**Work item**: Only the lines below between the ones containing "Happy New Year" and "Black • 000", inclusive, are to be reproduced, each exactly as it stands.

**Data records**:

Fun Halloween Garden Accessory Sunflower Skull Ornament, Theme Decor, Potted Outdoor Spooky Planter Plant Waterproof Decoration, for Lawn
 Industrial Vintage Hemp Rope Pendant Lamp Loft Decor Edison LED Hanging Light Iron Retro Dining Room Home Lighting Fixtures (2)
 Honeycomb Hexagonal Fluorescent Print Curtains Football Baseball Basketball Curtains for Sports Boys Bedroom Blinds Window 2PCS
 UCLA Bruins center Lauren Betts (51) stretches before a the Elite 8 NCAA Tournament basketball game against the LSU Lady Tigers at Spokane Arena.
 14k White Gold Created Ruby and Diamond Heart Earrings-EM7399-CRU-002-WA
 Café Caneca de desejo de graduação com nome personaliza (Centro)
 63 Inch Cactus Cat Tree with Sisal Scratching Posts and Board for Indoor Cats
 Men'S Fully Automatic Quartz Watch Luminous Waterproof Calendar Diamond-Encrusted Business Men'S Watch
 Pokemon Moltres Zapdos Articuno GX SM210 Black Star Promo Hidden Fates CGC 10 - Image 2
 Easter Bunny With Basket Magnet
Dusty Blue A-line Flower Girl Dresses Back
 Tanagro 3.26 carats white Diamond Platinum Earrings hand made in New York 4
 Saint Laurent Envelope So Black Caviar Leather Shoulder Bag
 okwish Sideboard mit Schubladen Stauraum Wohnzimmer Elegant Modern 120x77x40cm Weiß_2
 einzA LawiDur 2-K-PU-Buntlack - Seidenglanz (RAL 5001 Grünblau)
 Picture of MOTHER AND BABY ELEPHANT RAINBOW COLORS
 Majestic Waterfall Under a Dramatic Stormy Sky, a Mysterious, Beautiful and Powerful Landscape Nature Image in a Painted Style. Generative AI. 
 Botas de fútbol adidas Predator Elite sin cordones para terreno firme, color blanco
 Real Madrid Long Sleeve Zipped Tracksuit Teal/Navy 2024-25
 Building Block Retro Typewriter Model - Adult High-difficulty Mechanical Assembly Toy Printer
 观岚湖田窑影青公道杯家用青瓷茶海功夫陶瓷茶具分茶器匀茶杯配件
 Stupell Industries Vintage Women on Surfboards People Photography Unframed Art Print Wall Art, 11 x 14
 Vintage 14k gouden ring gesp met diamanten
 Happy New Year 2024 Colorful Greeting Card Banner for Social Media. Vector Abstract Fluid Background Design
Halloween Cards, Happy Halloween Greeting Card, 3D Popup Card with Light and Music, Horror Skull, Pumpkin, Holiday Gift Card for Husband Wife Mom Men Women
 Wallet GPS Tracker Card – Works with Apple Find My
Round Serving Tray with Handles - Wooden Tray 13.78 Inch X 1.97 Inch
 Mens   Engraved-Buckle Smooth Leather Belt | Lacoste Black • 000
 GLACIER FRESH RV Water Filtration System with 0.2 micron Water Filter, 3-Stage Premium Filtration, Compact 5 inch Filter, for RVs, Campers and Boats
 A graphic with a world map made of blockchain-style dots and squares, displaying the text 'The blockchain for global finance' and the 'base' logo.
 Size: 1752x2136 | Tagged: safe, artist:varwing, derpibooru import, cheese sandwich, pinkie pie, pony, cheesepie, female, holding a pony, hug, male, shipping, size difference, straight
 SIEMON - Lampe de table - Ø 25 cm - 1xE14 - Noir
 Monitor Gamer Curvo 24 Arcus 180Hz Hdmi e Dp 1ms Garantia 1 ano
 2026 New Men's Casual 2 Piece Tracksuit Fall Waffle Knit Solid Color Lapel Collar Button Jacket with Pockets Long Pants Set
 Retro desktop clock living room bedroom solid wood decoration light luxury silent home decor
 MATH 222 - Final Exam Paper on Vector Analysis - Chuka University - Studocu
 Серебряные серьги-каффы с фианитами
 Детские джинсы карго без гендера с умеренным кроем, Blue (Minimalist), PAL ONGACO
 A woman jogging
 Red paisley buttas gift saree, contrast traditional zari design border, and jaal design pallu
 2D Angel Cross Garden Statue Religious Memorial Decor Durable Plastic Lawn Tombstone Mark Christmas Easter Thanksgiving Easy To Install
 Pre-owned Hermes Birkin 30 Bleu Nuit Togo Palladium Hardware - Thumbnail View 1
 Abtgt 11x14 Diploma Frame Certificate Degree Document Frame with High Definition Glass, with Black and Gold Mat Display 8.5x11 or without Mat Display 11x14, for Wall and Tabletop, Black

**Solution for this problem**:
 Happy New Year 2024 Colorful Greeting Card Banner for Social Media. Vector Abstract Fluid Background Design
Halloween Cards, Happy Halloween Greeting Card, 3D Popup Card with Light and Music, Horror Skull, Pumpkin, Holiday Gift Card for Husband Wife Mom Men Women
 Wallet GPS Tracker Card – Works with Apple Find My
Round Serving Tray with Handles - Wooden Tray 13.78 Inch X 1.97 Inch
 Mens   Engraved-Buckle Smooth Leather Belt | Lacoste Black • 000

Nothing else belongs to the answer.